Descritores: Inflamação; hipotálamo; metabolismo; controle de peso; dieta rica em gordura




Obesity has become one of the most important health problems in the world. It affects more than 300 million people and impinges more than 20% of people living in selected regions, such as the United States, Russia, Australia, England and the Czech Republic. In Brazil, the current prevalence of obesity is about 10% and, as projected by the World Health Organization (WHO), it may reach 25% of the population by the year 2025 (1).

Except for some rare types of monogenic defects (2), obesity occurs due to the complex combination of multiple environmental and genetic factors (3). The consumption of highly energetic and palatable foods is among the most important epidemiological predisposing factors to this disease (3). However, not all people exposed to this type of diet develop obesity, and this fact has long intrigued researchers. As currently known, the main reason for the protective phenotype is the intrinsic capacity to maintain the homeostatic control of energy stores in the body (3). Specialized neurons of the hypothalamus play a central role, connecting the information provided by leptin and insulin, regarding the size of fat depots, with the mechanisms that regulate hunger and thermogenesis (4). As long as the system is perfectly coupled, changes in energy intake are matched by proportional modifications in energy expenditure. Thus, it is clear that, in order to understand the mechanisms behind the majority of obesity cases, the phenomena that connect the consumption of highly energetic foods with the loss of energy homeostasis must be deciphered.
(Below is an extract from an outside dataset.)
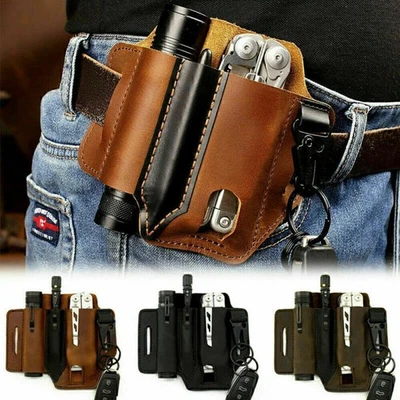 Echt Leder Multitool Lederscheide EDC Pocket Organizer Holster Tasche Herren DE - Bild 1 von 4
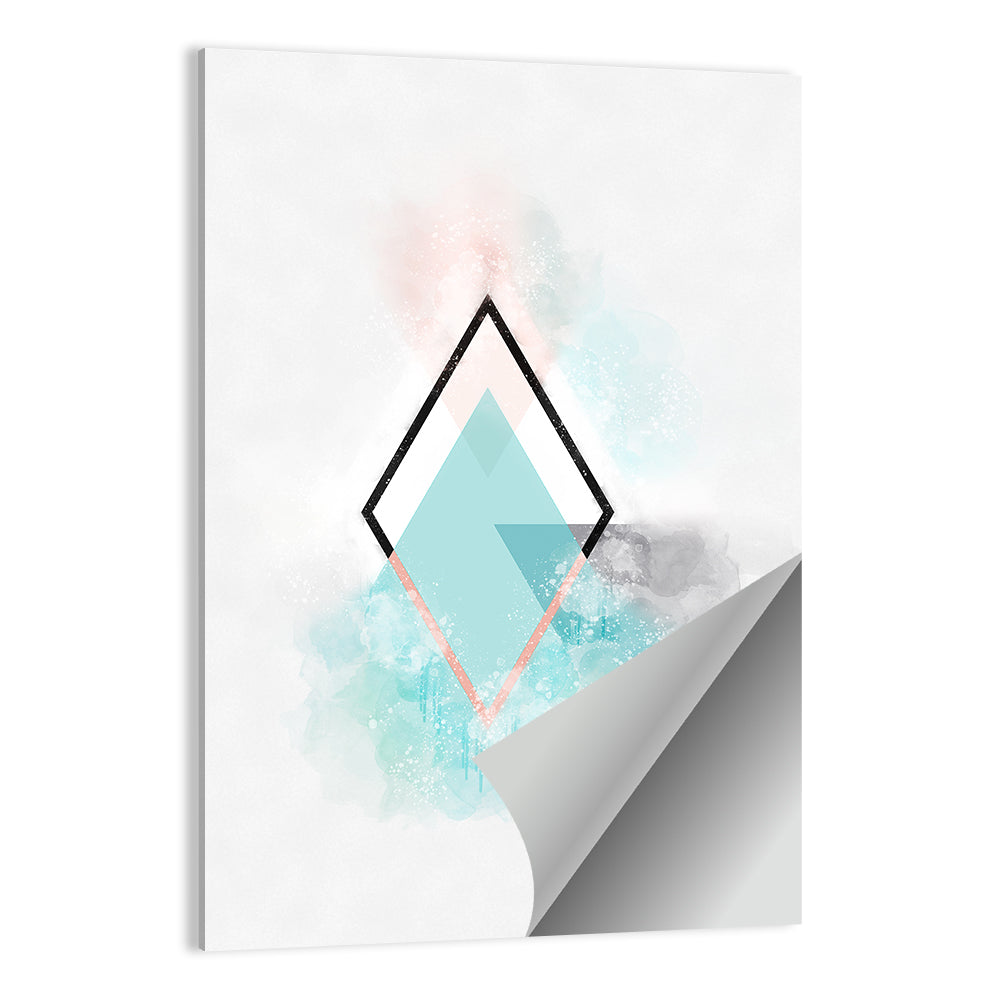 Teal Diamond Minimalist Geometry Wall Art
A series of recent studies has provided a solid basis to the hypothesis that in diet-induced obesity, the hypothalamus is targeted by an inflammatory process that leads to a defective regulation of energy homeostasis (5-8). In the present review, to discuss this complex mechanism, we will be presenting the physiological role of the hypothalamus in the control of food intake and energy expenditure. Next, a discussion on how nutrients can disrupt the correct functioning of this highly specialized organ will be brought up. Finally, it the mechanisms involved in diet-induced hypothalamic resistance to adipostatic signals will be presented.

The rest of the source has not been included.